**THE TASK:** Each line from the opening of the records that follow to the line with "Portrait of Painter's" needs to be written out exactly. Add nothing.

=-=-=

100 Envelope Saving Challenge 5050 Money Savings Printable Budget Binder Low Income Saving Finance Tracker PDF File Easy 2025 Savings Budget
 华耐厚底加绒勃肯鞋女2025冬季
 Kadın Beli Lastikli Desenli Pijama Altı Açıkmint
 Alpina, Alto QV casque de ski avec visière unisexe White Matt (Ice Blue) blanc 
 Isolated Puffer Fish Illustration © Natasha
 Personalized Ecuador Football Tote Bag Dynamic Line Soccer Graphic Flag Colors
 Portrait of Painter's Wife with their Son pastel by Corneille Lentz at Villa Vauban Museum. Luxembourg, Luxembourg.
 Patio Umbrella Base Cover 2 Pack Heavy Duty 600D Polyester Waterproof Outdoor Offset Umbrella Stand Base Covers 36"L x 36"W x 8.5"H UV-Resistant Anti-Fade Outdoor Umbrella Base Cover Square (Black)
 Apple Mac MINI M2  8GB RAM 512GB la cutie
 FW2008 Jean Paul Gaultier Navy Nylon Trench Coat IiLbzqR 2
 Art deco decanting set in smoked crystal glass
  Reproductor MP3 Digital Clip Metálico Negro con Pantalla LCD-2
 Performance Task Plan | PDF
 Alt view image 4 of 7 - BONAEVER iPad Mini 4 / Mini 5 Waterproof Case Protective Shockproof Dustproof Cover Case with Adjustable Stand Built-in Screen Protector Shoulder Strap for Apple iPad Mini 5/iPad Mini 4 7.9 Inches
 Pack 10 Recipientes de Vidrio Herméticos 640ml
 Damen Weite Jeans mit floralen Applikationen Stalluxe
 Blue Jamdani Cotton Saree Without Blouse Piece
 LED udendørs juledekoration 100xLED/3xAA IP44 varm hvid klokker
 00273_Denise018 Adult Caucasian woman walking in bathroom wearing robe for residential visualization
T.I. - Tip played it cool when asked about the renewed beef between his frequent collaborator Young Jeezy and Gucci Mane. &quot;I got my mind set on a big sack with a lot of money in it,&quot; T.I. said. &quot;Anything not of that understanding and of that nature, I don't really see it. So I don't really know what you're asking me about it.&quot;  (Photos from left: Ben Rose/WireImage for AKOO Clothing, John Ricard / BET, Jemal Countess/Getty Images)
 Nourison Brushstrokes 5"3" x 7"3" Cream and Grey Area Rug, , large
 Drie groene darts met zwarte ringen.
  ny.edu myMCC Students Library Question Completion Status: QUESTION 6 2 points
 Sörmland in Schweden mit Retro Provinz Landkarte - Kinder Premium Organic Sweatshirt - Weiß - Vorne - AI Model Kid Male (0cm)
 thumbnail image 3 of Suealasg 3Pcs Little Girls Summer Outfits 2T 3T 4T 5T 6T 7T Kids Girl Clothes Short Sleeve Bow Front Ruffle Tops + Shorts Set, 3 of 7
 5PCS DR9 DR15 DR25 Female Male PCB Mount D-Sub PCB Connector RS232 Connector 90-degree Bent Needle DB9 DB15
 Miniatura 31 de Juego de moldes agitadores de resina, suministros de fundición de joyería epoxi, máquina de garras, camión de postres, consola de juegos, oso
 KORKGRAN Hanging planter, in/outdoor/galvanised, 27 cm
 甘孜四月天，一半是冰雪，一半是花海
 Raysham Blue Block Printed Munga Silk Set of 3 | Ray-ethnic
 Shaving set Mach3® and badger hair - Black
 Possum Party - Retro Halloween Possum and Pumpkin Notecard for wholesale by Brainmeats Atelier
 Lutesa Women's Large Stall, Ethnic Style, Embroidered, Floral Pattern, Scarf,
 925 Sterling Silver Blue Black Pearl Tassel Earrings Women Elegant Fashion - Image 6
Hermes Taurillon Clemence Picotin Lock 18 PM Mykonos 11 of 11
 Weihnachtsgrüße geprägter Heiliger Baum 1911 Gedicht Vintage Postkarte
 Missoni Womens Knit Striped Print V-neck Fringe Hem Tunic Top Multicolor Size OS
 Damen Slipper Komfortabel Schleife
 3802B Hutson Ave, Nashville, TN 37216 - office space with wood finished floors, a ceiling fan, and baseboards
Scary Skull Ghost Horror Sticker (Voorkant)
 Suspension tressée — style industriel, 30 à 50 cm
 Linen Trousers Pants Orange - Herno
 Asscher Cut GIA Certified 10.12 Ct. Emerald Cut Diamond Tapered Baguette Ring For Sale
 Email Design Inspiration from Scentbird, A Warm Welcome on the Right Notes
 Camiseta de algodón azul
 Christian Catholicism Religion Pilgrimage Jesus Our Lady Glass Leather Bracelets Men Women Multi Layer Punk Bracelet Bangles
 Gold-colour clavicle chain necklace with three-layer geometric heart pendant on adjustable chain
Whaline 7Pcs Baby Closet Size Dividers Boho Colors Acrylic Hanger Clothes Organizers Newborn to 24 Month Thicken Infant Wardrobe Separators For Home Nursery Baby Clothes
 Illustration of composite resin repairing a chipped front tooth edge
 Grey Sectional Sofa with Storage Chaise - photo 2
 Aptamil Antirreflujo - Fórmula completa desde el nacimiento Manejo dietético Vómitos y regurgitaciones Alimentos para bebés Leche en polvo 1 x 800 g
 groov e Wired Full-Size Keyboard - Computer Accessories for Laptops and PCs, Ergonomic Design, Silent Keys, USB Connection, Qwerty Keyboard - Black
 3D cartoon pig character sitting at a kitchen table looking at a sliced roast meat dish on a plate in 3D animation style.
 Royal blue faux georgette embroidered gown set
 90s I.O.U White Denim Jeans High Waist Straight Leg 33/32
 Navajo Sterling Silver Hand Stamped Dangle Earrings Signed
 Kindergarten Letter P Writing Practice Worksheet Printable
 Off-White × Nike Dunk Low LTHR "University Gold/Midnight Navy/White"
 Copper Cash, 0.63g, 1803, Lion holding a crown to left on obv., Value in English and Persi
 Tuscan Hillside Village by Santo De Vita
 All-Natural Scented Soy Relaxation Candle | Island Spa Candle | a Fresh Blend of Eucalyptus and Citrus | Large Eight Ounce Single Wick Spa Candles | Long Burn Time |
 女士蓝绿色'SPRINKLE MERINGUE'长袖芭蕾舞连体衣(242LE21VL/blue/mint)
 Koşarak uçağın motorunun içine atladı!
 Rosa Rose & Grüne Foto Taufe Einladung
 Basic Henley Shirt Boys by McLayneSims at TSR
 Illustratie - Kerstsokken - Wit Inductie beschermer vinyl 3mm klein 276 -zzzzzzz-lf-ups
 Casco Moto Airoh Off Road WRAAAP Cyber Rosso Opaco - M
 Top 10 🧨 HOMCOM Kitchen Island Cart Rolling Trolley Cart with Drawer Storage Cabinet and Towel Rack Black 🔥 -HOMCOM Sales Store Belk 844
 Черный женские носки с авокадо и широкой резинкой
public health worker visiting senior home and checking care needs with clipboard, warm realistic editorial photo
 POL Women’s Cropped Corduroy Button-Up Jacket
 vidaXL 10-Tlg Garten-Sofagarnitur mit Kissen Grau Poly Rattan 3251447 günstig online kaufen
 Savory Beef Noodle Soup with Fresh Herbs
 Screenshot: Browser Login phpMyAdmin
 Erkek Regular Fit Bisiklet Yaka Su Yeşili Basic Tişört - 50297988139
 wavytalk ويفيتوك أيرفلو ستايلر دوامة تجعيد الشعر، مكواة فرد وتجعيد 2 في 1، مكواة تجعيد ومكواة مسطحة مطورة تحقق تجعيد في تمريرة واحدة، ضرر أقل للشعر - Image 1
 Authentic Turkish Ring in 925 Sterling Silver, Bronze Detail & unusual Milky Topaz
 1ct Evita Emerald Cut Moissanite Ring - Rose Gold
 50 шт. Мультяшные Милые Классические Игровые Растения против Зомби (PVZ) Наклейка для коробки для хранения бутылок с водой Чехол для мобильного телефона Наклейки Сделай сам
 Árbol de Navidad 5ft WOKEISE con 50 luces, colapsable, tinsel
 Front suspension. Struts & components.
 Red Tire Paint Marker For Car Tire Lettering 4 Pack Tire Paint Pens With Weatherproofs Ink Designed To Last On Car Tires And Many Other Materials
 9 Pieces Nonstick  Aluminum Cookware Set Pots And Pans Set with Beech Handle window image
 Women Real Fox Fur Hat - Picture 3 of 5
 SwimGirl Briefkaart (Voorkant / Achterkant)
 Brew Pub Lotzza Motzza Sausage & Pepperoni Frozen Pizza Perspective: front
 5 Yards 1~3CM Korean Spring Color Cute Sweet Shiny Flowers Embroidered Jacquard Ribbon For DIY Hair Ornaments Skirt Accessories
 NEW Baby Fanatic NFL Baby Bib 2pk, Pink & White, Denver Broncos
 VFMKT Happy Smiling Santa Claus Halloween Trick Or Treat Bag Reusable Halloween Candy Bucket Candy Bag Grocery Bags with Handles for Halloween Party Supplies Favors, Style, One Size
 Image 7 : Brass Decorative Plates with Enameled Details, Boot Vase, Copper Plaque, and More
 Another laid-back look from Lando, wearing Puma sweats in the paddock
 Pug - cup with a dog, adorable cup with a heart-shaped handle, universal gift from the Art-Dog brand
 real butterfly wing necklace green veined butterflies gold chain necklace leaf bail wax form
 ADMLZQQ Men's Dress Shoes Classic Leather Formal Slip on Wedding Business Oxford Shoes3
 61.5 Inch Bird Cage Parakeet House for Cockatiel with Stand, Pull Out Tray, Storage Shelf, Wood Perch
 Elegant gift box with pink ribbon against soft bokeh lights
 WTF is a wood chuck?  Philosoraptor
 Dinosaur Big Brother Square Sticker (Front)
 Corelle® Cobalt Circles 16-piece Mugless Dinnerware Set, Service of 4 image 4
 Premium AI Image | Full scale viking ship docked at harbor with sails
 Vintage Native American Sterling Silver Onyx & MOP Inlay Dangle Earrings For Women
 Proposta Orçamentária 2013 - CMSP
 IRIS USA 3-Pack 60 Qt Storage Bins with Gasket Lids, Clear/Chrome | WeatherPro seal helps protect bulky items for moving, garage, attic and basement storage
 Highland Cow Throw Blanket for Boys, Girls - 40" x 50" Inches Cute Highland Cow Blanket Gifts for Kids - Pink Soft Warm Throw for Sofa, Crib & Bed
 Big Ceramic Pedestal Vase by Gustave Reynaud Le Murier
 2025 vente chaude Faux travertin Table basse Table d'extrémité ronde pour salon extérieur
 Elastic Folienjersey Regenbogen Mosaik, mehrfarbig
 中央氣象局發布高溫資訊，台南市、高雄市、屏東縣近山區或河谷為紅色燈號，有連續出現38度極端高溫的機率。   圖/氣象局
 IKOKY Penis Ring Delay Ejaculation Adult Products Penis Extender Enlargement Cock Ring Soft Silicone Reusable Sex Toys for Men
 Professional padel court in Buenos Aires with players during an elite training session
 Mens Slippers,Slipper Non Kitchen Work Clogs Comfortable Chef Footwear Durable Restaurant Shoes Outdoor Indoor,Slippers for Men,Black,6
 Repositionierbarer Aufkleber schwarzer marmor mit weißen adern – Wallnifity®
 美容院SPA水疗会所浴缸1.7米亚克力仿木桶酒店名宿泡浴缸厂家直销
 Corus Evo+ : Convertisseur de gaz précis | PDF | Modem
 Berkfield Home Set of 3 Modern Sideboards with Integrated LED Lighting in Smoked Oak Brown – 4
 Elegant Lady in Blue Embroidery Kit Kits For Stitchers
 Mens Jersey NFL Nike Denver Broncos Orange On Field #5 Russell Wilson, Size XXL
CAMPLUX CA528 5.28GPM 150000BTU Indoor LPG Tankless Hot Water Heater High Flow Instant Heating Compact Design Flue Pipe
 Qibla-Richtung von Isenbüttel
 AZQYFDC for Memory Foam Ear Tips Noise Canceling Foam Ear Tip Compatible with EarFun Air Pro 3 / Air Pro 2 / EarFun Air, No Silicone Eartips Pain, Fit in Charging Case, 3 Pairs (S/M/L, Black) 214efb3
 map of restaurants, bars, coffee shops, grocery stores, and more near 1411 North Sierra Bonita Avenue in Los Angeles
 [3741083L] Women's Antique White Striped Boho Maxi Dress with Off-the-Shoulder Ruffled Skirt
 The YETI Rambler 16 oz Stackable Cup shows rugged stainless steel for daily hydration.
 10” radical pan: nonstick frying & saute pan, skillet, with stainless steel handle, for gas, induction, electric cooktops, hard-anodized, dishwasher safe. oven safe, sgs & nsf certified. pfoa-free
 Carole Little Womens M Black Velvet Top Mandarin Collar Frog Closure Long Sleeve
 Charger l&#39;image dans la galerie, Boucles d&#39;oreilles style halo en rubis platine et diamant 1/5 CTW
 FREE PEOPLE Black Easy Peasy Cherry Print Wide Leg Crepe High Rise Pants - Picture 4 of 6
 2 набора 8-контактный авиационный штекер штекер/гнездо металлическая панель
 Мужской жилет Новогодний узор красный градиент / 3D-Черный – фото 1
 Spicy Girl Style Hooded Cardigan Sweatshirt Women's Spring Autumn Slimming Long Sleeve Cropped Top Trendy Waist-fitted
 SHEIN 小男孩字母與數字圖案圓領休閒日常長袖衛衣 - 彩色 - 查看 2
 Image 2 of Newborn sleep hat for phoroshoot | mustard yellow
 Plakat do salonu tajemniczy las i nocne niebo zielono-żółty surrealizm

=-=-=

**OUTPUT OF THE EXERCISE:**
100 Envelope Saving Challenge 5050 Money Savings Printable Budget Binder Low Income Saving Finance Tracker PDF File Easy 2025 Savings Budget
 华耐厚底加绒勃肯鞋女2025冬季
 Kadın Beli Lastikli Desenli Pijama Altı Açıkmint
 Alpina, Alto QV casque de ski avec visière unisexe White Matt (Ice Blue) blanc 
 Isolated Puffer Fish Illustration © Natasha
 Personalized Ecuador Football Tote Bag Dynamic Line Soccer Graphic Flag Colors
 Portrait of Painter's Wife with their Son pastel by Corneille Lentz at Villa Vauban Museum. Luxembourg, Luxembourg.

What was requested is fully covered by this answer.